For taking legal tax deductions Trump has attracted mountains of criticism from his betters, who somehow twist this into meaning he doesn’t care about the country, or the military and dozens of other things. But the hundreds or thousands of people that work in his businesses do pay taxes, and that is significant.

And, yes, it was Donald Trump who managed to anger his primary opponents and many Americans with his petulant personal attacks of those who opposed and challenged him. His far-from-perfect manner leaves much to be desired, and his locker room vulgarity, spoken in private 11 years ago, really got people fired up. But if some rapper had used those same words as lyrics, it’d be #1 on Billboard.

Apparently, it’s a more serious offense to say things that offend someone than to put national interests at risk, to lose $6 billion of State Department funds and generally fail to competently run the agency you’ve been entrusted to run, and make millions giving $250,000 secret-content speeches to Wall Street banks that you publicly criticize. By virtue of merely having been elected a U.S. Senator and appointed as a cabinet secretary, you are thus qualified to be president, even if the best you did in those positions was inconsequential or harmful.

Strangely, people are more offended by Trump’s words than Hillary Clinton’s vicious attacks on her hubby’s numerous sexual victims and conquests, her position on coal mining and the Supreme Court, and her comments supporting open borders, spoken in a private $250,000 speech.

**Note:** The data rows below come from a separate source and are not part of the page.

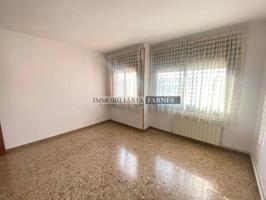 Venta de un piso en Palau-solità i Plegamans photo 0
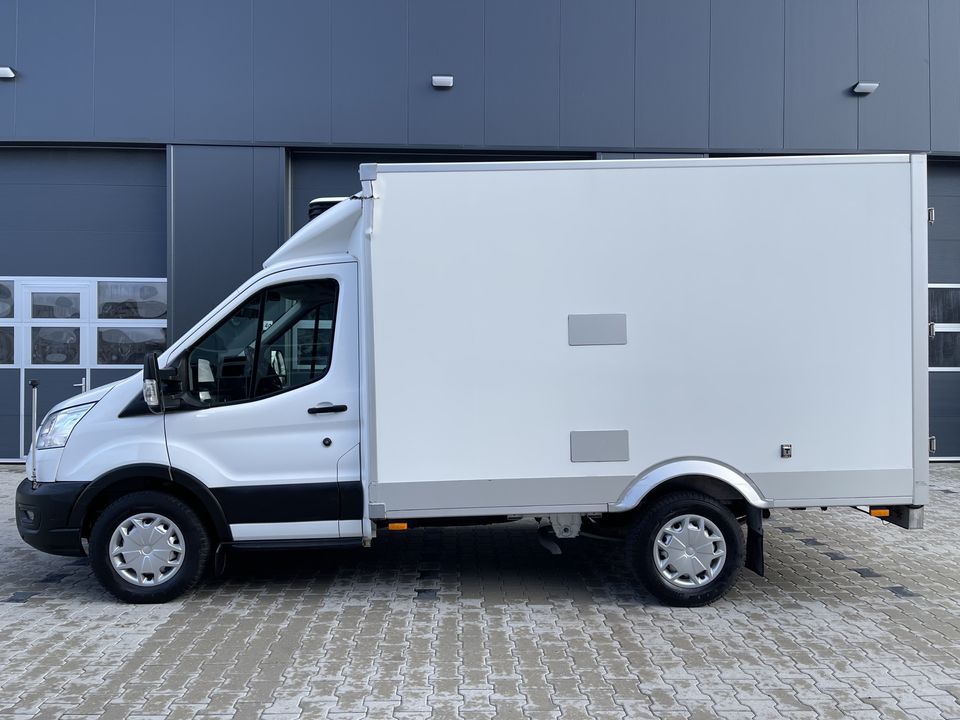 Ford Transit 2.0 TDCI automaat bakwagen met Carrier koeling / 0 graden celsius / smartbox / cruise control / airco / achteruit rijcamera / navigatie !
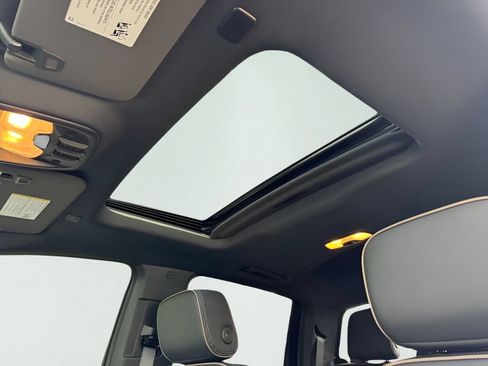 New 2026 GMC Canyon Denali AWD/4WD image 9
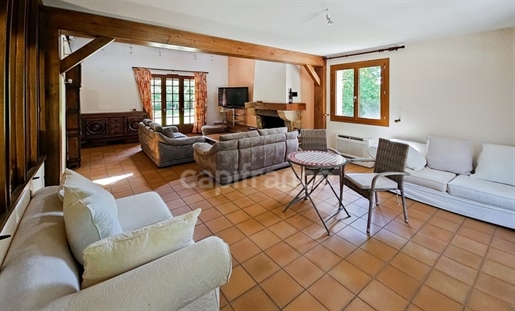 Dpt Nièvre (58), à vendre maison de 225 m² - Dépendance habitable de 30 m² - Terrain de 2 500,00 m²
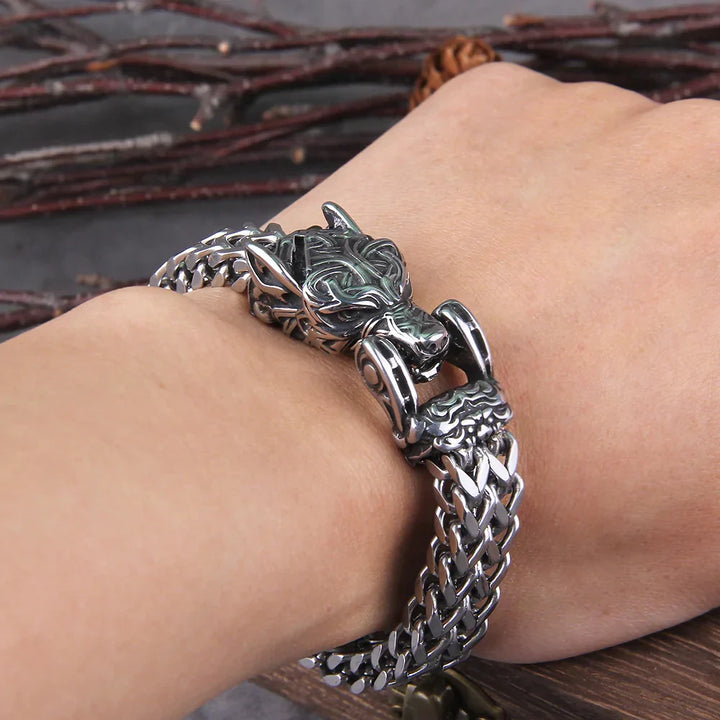 Nordisches Wikinger Herrenarmband im Jäger Stil aus Silber, ideal für Männer, mystischer Schmuck.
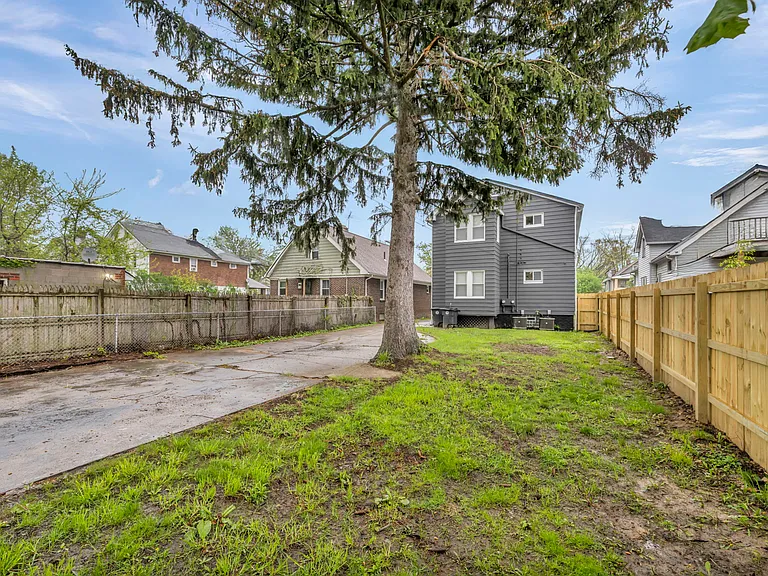 1080 E 169th St #1 — Photo 28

What Trump said that hurt someone’s feelings or shocked their sensibilities is worse to many than that Clinton put personal convenience ahead of national security and failed to protect State Department personnel who were in harms way.

Voters must put their hurt feelings aside, adjust their perspective and focus on the serious issues confronting the next president. They must understand that Clinton’s hubris already put national security at risk, and she will continue Obama’s dangerous, destructive, and unconstitutional policies.